Would I do it again? Oh hell yes!
We filled our bottles (filtered) from the crystal clear stream and began the climb out of the lake basin with some trepidation, as the trail was very vertical at this point. The summit loomed. We reached the saddle above the lake and this is where our willpower and our bodies started to wage war against each other. Luckily, we’d completed about 75 percent of the vertical at this point, nearly 4000 feet, and so we began the mind game of “just a little farther…to that rock over there”. As each milestone came and went, we continued to fight against our desire to end the pain. Eventually, time began to become the enemy, as we knew we would be in a lot of pain going back down and dreaded donning headlights in the rocky and dangerous country.
As we made the last 700 vertical feet of our adventure in a house-boulder rockpile, our willpower finally flagged. We were beat and we knew it. In one last vain attempt to salvage something cherished from the trek, we agreed to climb to the ridgetop instead of summitting. When we reached the ridge, the view was worth it!
A Final Decision
As I looked out over the landscape, I heard a low-pitched and high-pitched harmony coming from the ridge above. A young boy and a man were about 100 yards above me yelling encouragement. My wife and I could see we were out of the rockslide and the ridge was far more navigable, so we climbed up to them. At that point, they told us we were just a couple hundred yards from the summit, so we made a snap decision to finish the game. I can’t explain how rewarding it was to summit Ruby Dome at 11,388 amsl and look at everything around us, or should I say below us? We took a few snapshots, caught our breath, and hauled ass off of there at 2:00 pm in a slight panic, knowing it took us most of 8 hours to get there and we only had 6.5 to get down.

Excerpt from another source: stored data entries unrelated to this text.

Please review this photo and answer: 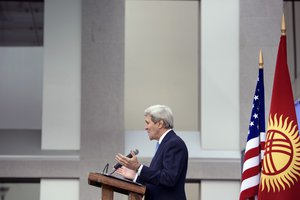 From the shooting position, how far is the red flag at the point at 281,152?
A: 6133 millimetres

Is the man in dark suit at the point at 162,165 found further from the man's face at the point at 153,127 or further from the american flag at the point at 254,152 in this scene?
the american flag at the point at 254,152

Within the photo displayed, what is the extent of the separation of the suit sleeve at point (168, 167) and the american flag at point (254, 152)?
1.30 m

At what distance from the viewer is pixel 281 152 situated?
6.18 m

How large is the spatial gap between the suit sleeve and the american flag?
51.1 inches

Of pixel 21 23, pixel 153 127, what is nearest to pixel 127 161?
pixel 153 127

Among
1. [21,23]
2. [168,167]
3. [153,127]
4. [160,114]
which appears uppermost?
[21,23]

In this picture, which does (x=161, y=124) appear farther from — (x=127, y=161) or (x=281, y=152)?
(x=281, y=152)

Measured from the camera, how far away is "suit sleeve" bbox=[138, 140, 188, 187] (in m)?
5.25

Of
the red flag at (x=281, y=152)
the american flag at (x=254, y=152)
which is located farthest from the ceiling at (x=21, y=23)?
the red flag at (x=281, y=152)

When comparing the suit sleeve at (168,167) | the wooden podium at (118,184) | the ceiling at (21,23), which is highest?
the ceiling at (21,23)

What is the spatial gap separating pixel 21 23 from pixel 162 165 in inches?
260

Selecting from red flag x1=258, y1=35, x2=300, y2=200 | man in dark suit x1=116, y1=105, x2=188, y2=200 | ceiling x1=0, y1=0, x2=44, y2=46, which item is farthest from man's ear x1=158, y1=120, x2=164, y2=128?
ceiling x1=0, y1=0, x2=44, y2=46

The trail off the mountain had lengthened significantly in the heat of the afternoon, perhaps warping and stretching like a lazy snake. Our truck was so much farther than we expected, and we leaned downhill into our trekking poles in agony, getting worse with every mile. This was our first try at using trekking poles and I don’t think we could have succeeded that day without them. I can’t say enough good about my little friends, the trekking poles.
Relief
While it is always a welcomed sight, I don’t think I’ve ever been more happy to see my pickup truck in my life. As luck would have it we got there just shortly enough after sunset that we again did not need our headlamps. If I remember correctly, it was about a 15 hour day, roughly a 12 mile hike. We had climbed almost 5,000 feet and descended those same almost-5,000 feet. It seemed like a lot more to my screaming knees. We woke up the next morning, in adventure hangover, with the mothers of all sore bodies, where stepping over our front-door threshhold was an exercise in pain tolerance and we were relegated to shuffling instead of walking.
Would I do it again? Oh hell yes! With any luck, we are planning to go again this year, having picked up a few tricks along the way. We will pack lighter and take a slightly better path to avoid the boulder field, and I think we can make it work. We dared to go on an adventure and we survived it. Not only that, we had such a sense of self-accomplishment and pride as we summitted and as we soaked our sore feet and muscles, it is difficult to explain. I quite literally had no idea. No idea about the difficulty, the pain, or the actual, palpable sense of accomplishment.
Applied Lesson
So, please, just get out and do it. Adventure is just about possibilities and going for it. If you long to take that big day hike, give it a try. Just have a go/no-go plan so that you know when it is time to admit defeat and turn back. Luckily my wife and I reached our go/no-go at the summit, but we shaved it as close as we could have. I would advise you not to do it the way we did. But I would also advise you to go for it!